Assim falou o ornitorrinco
E na aula de literatura infantil, o professor informou à turma que iriam fazer a análise de uma lenda do folclore brasileiro, que ele iria apresentar. Abriu um livro de contos e começou a ler:
- Era uma vez uma floresta na Amazônia, onde viviam muitos animais, aterrorizados por uma família de onças. Como eram as mais fortes, as onças dominavam - e comiam - todos os outros bichos. Só escapavam aqueles que tinham uma proteção natural, como o jabuti (com sua carapaça) e o porco-espinho. De resto, nem peixes nem aves tinham sossego: as onças eram nadadoras exímias, e as aves tinham que pousar eventualmente para descansar e dormir - e viravam comida de onça.
A situação estava ficando de tal forma desesperadora, que os animais resolveram fazer uma reunião para discutir como se livrar do problema (das onças), preferencialmente em caráter definitivo.
O macaco, tido por todos como o animal mais esperto da floresta, sugeriu que chamassem um especialista de fora para lidar com o problema.
- É preciso sair da floresta para ver a floresta - explicou o macaco. - Alguém que não viva aqui, poderá perceber algum detalhe que nos escapa, e que nos permita dar cabo do problema.

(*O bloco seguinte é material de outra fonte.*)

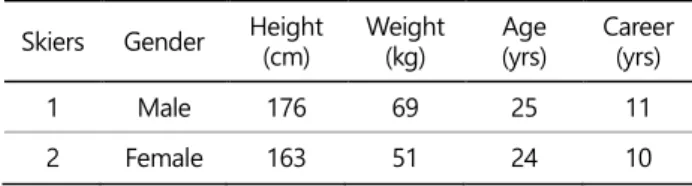 Table 1. General characteristics of the 2 professional skiers that participated in the study 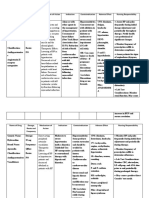 Drug Study 2 Valsartan, Furosemida, Hydraline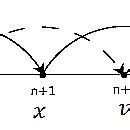 Examining the Frog's Leap as a Representation of Transformation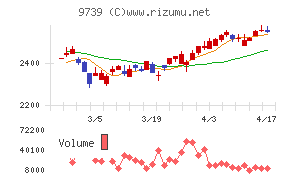 ＮＳＷチャート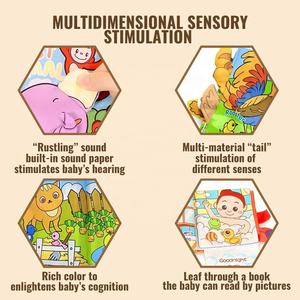 <span class=keywords><strong>Montessori</strong></span> bambino libro di stoffa elettronica giocattolo bambino educazione precoce apprendimento tocco e sentire il tessuto arricciato libro con luci musicali - Product Image 4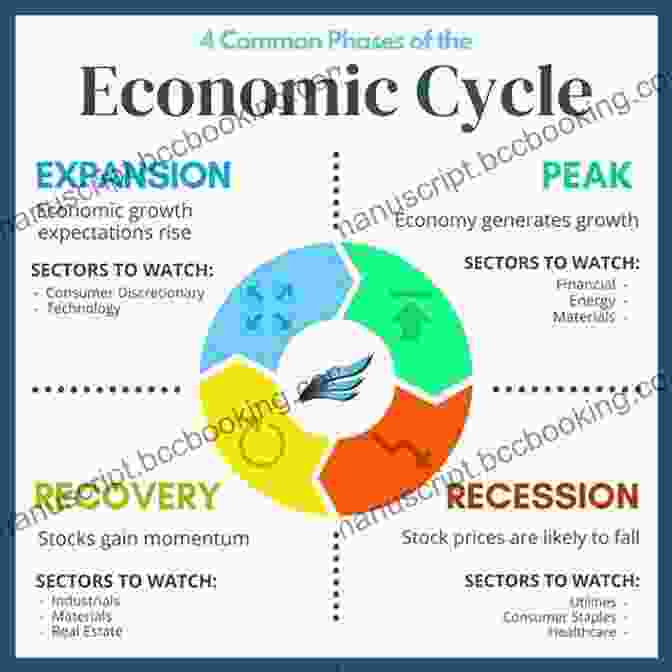 Diagram Illustrating The Cyclical Nature Of Economic Activity Business Cycles And Equilibrium Fischer Black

E como emissário, o macaco sugeriu enviar a garça real, com mensagens para três animais estrangeiros que ele considerava as melhores opções: o bisonte, o dodô e o ornitorrinco. Como nenhum dos animais amazônicos jamais ouvira falar de qualquer deles, fiaram-se no julgamento do macaco. E lá se foi a garça real, cumprir sua missão.
Chegando às planícies do Norte, a garça encontrou o rei dos bisontes, em meio a milhares de membros de sua poderosa família. Eram tantos que cobriam a terra, e seu tropel levantava uma nuvem de pó capaz de ocultar o sol. Mas o rei dos bisontes confessou que, embora fossem muitos e poderosos, pouco poderiam fazer contra as onças da Amazônia.
- Veja bem, somos animais de campo aberto. No meio das árvores, não poderemos reunir as grandes manadas e as tais onças nos caçarão um por um; o coletivo é a nossa força...
E então, partiu a garça para a distante ilha Maurício, onde teve dificuldades para explicar o que era uma onça - e até mesmo encontrar quem falasse pelos dodôs.
- Vocês vivem num lugar onde há animais que caçam outros animais? - Indagou surpreso um velho dodô.
- Caçam e comem - esclareceu a garça.
- Mas... por quê? Não há plantas suficientes para todos?
- Onças não são herbívoras.
- Talvez seja por falta de diálogo... - ponderou o dodô. - Vocês tentaram ao menos conversar com elas? Ouvir suas razões?
- Onças não ouvem ninguém, só o próprio estômago - suspirou a garça. E seguiu para sua última escala, na ilha-continente da Austrália.
A garça teve certa dificuldade em localizar o esquivo ornitorrinco. O bicho parecia não querer ser encontrado. Finalmente, avistou um, tomando sol à margem de um rio.
- Olá, eu sou a garça real da Amazônia - apresentou-se ela. - Espero que você possa me ajudar, pois já voei metade do mundo e continuo sem respostas para o que vim buscar.
- E o que você espera encontrar aqui? - Grasnou o ornitorrinco.
A garça real contou novamente sua história. O ornitorrinco ouviu tudo sem fazer qualquer interrupção. Finalmente, pronunciou-se.
- Vocês conhecem o fogo?
- O que é fogo?
O ornitorrinco explicou pacientemente o que era e como obtê-lo, e como poderia ser usado para combater as onças. A garça ouviu, fascinada.
- Só um lembrete: o fogo é uma arma extremamente poderosa. Não pensem em usá-lo na estação seca, ou poderá fugir ao controle.
A garça prometeu que seguiria à risca o conselho e voou de volta para casa, muito feliz.
Recebida em triunfo na grande assembleia dos bichos, contou em detalhes sua peregrinação e a receita de como expulsariam as onças da floresta. Houve imenso alarido de júbilo, quando todos vislumbraram o fim do seu sofrimento coletivo bem adiante.
- O que estamos esperando? - Gritou o macaco. - Vamos passar fogo nessas onças!
A garça lembrou-se do último conselho do ornitorrinco, e tentou fazer-se ouvir.
- Esperem! É perigoso usar o fogo na estação seca!
Inútil. Os animais não lhe deram a menor atenção, convencidos que estavam de ter a solução à mão.
E no grande incêndio que se seguiu, a família de onças foi exterminada, como havia sido previsto. E com ela, metade da floresta e dos seus habitantes.
O professor fechou o livro de contos, virou-se para as crianças, e indagou:
- Que lição vocês tiram dessa história?